日本武尊が弓のはずを突き立てると、たちまち湧き出でる霊泉にして、穢れし者がこれを汲めば水必ず濁りしといえり、かかる霊泉もいつしか涸れて名のみ残りし…とある。
原田喜左衛門の墓
9佛国山 神後院(ぶっこくさん じんごいん)
曹洞宗 本尊は薬師如来
永禄7年(1564)創建、嘉永3年(1850年)火災により焼失、同7年再建。
明治初めに、乾坤院から独立した寺格となり、昭和17年(1942年)神後庵を神後院と改称した。檀家には長坂姓以外の、原田、神谷などが多くみられ、白砂糖を製造した原田喜左衛門の墓がある。江戸時代の享保年間に将軍吉宗がサトウキビ栽培を命じたことに始まり、尾張藩の儒者松平君山が長崎の人より砂糖の製法を学び、原田喜左衛門の力量に着目してそれを伝授した。
享保年間、藩の奨励で原田喜左衛門は白砂糖の製造に成功する。原田家の白砂糖は「三盆白砂糖」の名をつけ、杉の曲げ物に詰めさらに桐の箱に入れて、尾張徳川家から将軍家への献上された。これらのことは昔の書物(張州雑志、尾州御留守日記)に記されている。
原田喜左衛門は庄屋を勤める家柄でったが、砂糖生産は周辺農民を巻き込む新産業に発展させることができず、繁栄は彼の代で終り、孫の代には家屋敷も借金のかたに取られて、借地に住むほどになってしまった。
原田鳴石の像
原田鳴石の銅像
彼は優れた教育家であるとともに、書道の大家である。

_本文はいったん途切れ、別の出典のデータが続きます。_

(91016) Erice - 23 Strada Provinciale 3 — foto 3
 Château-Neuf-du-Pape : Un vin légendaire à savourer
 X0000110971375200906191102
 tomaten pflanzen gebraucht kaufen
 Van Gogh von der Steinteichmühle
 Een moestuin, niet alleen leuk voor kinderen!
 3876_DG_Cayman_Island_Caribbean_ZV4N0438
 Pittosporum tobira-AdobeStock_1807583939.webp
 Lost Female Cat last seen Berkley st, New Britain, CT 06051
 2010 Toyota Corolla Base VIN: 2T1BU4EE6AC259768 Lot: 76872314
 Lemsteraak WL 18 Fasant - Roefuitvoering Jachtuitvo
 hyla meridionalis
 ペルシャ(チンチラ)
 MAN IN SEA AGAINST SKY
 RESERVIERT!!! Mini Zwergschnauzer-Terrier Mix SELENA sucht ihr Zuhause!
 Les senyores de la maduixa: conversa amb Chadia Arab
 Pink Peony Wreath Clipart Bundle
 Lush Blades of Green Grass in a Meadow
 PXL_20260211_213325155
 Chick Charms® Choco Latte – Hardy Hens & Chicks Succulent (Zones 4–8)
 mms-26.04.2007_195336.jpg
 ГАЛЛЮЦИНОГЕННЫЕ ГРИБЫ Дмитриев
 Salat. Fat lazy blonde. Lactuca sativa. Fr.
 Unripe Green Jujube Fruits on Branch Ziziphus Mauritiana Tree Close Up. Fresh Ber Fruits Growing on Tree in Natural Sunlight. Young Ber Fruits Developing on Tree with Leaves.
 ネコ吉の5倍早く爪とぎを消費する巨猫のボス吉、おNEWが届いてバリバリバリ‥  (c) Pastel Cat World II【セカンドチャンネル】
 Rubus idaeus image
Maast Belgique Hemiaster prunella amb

教壇生活58年余を通して幾多の書道家の育成に専念された。
特筆すべきは、敗戦により日本の教育が6.3.3制に改められ、修身科(道徳)と書道科が廃止されることになった際、彼はGHQにマッカーサーを訪ねて書道科の継続を申し出る。7回の上京の末、ついに原案を考慮させた。後に彼は生路区長も勤めた。昭和42年9月12日没。
ちょっと寄り道
東浦唯一の酒蔵 原田酒造
原田酒造 創業 安政2年(1855年)
東浦における酒造りの歴史
知多郡はかつて江戸向けの清酒産地として繁盛していたが、その始まりは緒川にあったようだ。安土桃山時代に、大野や緒川には専門の酒屋が生まれており、天正8年(1580年)乾坤院の田地帳や、寛文11年(1671年)乾坤院校割帳には酒の記載があるので、乾坤院は自家醸造をしていたことが分かっている。寛文5年(1665年)幕府は酒造米の石高を持って酒株を設定し、幕府が直接統制した。
元禄10年(1697年)幕府は酒に5割の運上金をかけ、これの徴収の為に緒川の澤田仁右衛門を知多郡酒支配人に任命している。宝暦4年(1754年)になると、幕府は酒の勝手造りを許可し、これにより灘を始め各地で酒造りが盛んになる。緒川では塚本源左衛門が江戸へ酒を積み出すのに、自家用の船着場をもって商いをするなど、酒造業の隆盛振りがうかがえる。生路でも古くから酒造りが盛んで、仕込みに生路大明神の社辺に湧き出る亀井を使った亀屋酒と呼ばれる銘酒があった。
安永9年(1780年)尾張藩士で有名な俳人「横井也有」が来遊して一首を書き残している。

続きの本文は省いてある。